**Task prompt:**
Please write out all of the data below exactly, without including the pictures.

**Given data:**
-.-.-

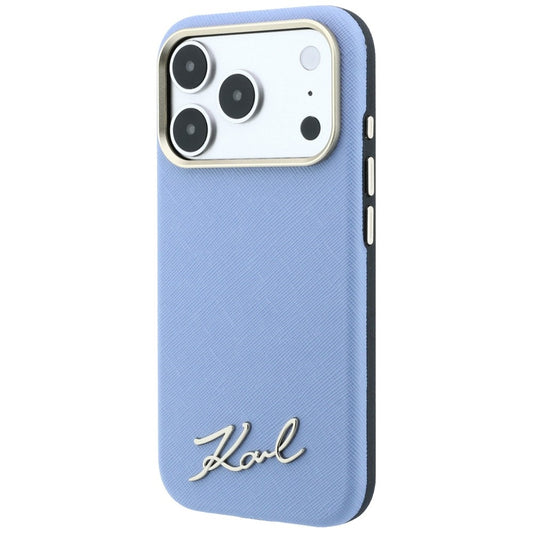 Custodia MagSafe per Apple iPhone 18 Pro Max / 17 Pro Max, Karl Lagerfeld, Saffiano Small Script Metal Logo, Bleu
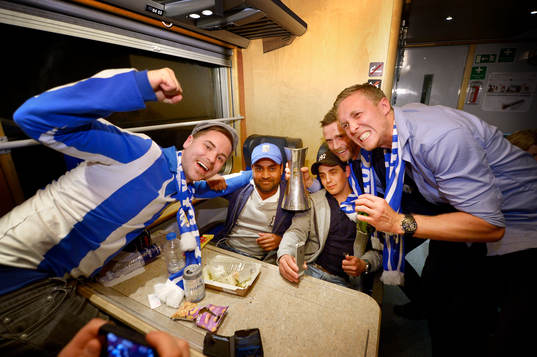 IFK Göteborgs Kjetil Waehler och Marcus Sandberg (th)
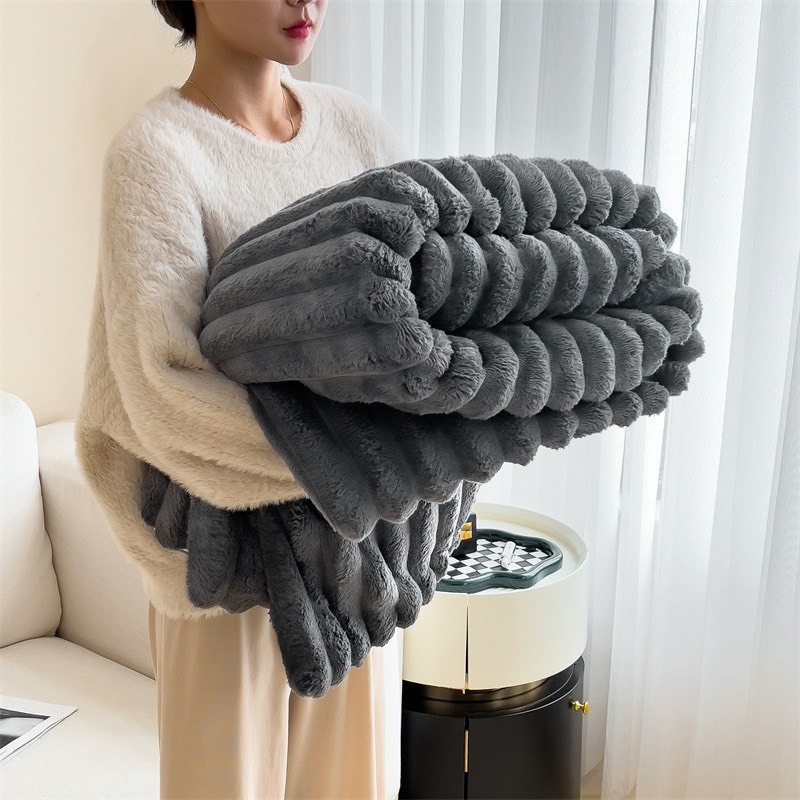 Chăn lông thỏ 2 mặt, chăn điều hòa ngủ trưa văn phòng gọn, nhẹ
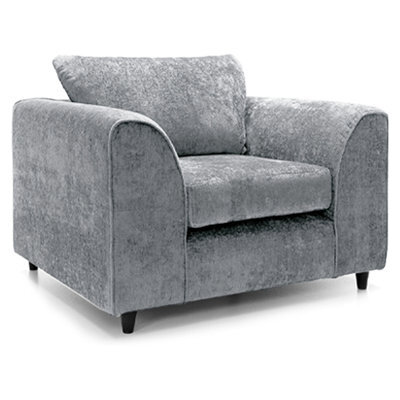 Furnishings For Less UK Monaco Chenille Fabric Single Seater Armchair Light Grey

-.-.-

**Output of the task:**
 Custodia MagSafe per Apple iPhone 18 Pro Max / 17 Pro Max, Karl Lagerfeld, Saffiano Small Script Metal Logo, Bleu
 IFK Göteborgs Kjetil Waehler och Marcus Sandberg (th)
 Chăn lông thỏ 2 mặt, chăn điều hòa ngủ trưa văn phòng gọn, nhẹ
 Furnishings For Less UK Monaco Chenille Fabric Single Seater Armchair Light Grey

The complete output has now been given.